**Assigned task**. In the records below, the relevant part opens with the line containing "Used Iveco Daily" and closes with the line containing "Volkswagen Tiguan – foto 13"; print that part exactly and only, without its pictures.

**Dataset excerpts**.
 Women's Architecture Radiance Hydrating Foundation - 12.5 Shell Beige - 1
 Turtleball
---
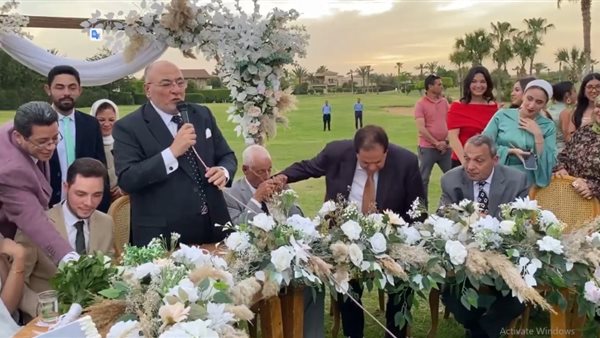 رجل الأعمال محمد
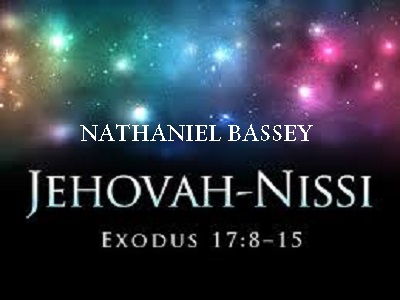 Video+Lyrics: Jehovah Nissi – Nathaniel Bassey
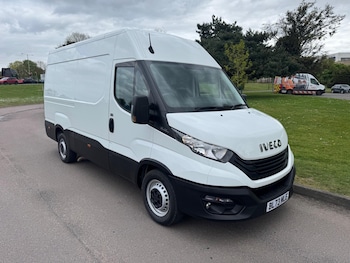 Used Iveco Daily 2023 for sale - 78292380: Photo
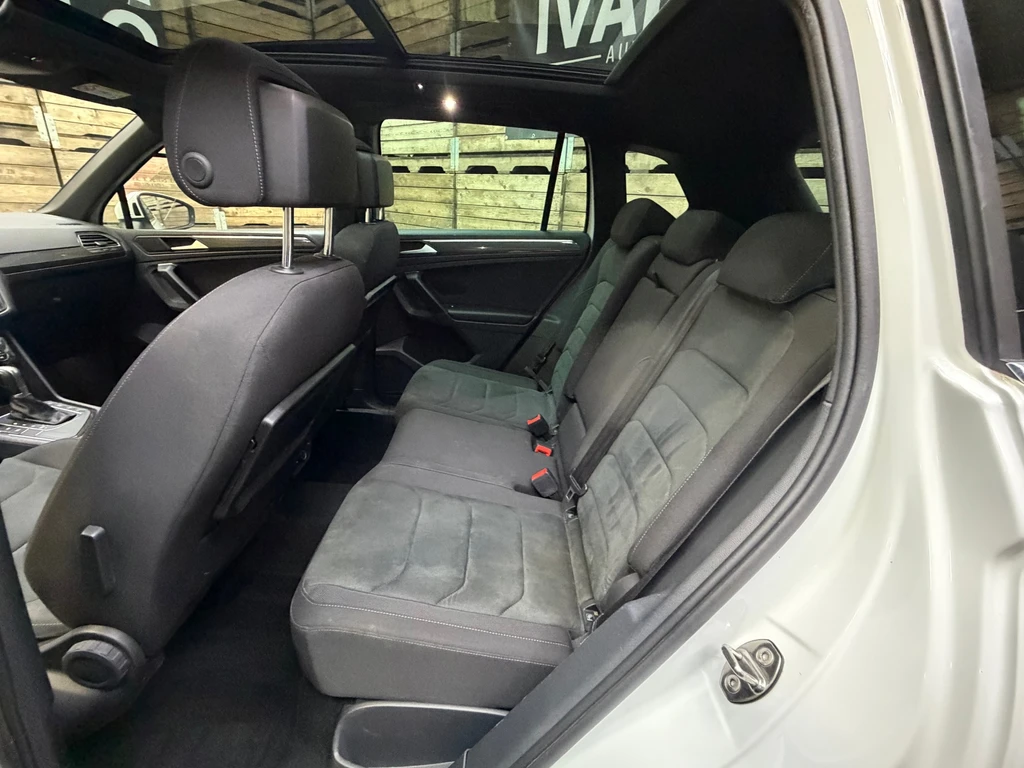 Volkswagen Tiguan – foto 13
...
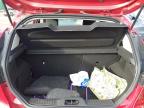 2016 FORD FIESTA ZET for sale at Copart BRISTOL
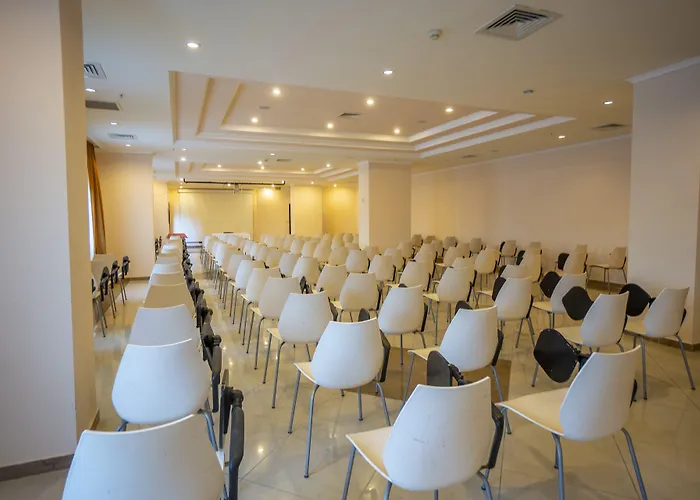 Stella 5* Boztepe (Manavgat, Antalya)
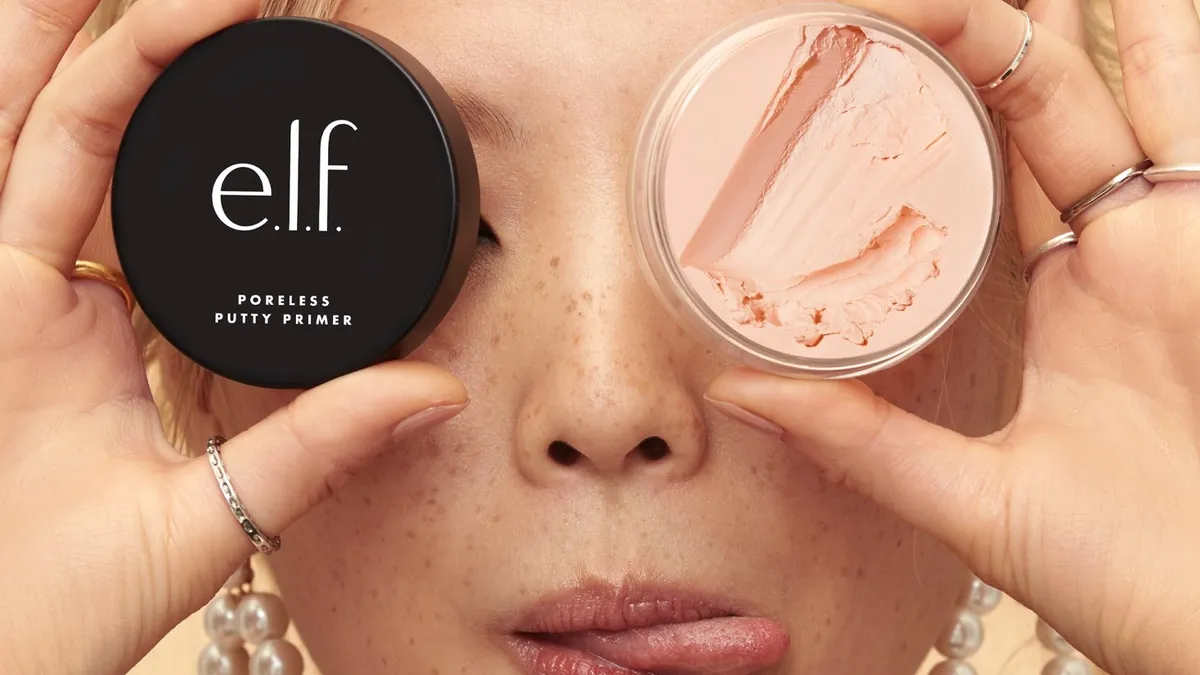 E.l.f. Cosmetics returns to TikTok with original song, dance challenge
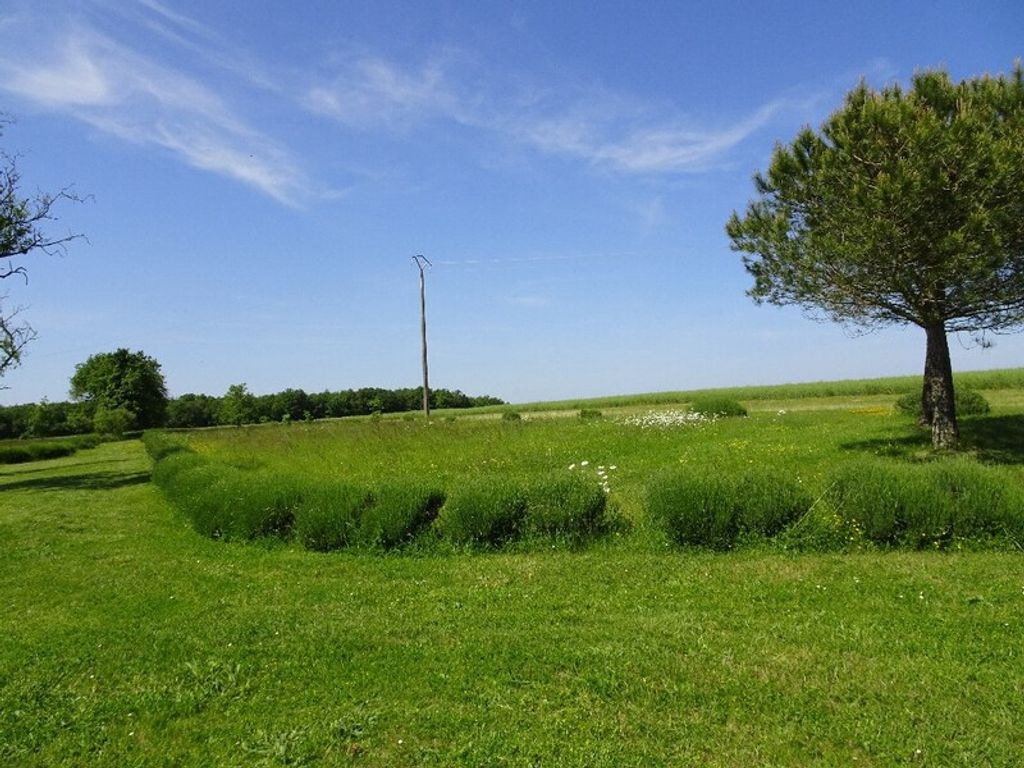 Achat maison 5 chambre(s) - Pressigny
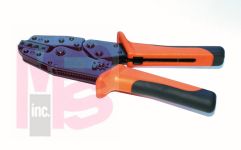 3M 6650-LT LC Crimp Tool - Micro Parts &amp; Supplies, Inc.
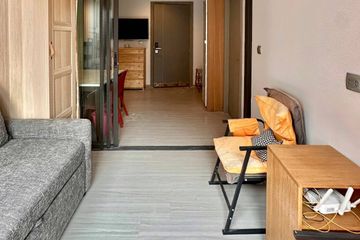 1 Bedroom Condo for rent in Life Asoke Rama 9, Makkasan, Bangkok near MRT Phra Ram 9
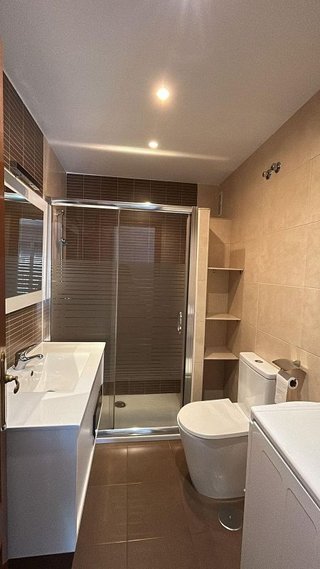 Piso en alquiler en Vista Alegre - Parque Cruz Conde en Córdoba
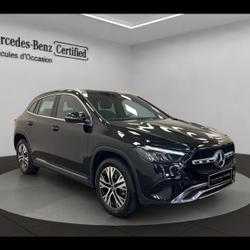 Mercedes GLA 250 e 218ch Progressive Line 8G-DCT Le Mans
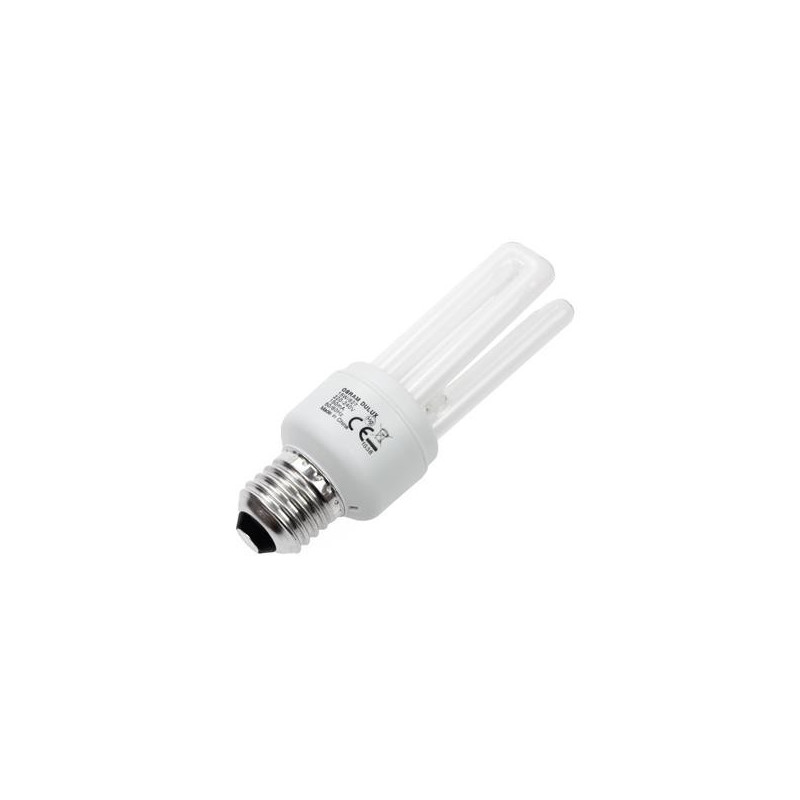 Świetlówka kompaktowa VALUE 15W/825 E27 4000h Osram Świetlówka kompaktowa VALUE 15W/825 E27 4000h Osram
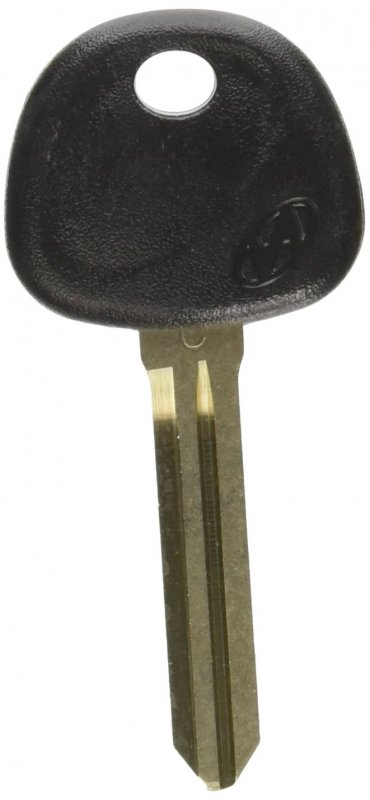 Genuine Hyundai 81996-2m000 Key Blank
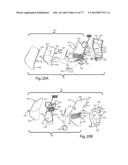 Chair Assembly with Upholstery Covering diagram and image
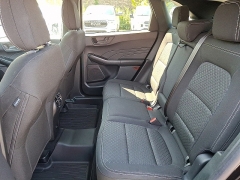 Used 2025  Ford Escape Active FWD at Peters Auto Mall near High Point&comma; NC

**Result**.
 Used Iveco Daily 2023 for sale - 78292380: Photo
 Volkswagen Tiguan – foto 13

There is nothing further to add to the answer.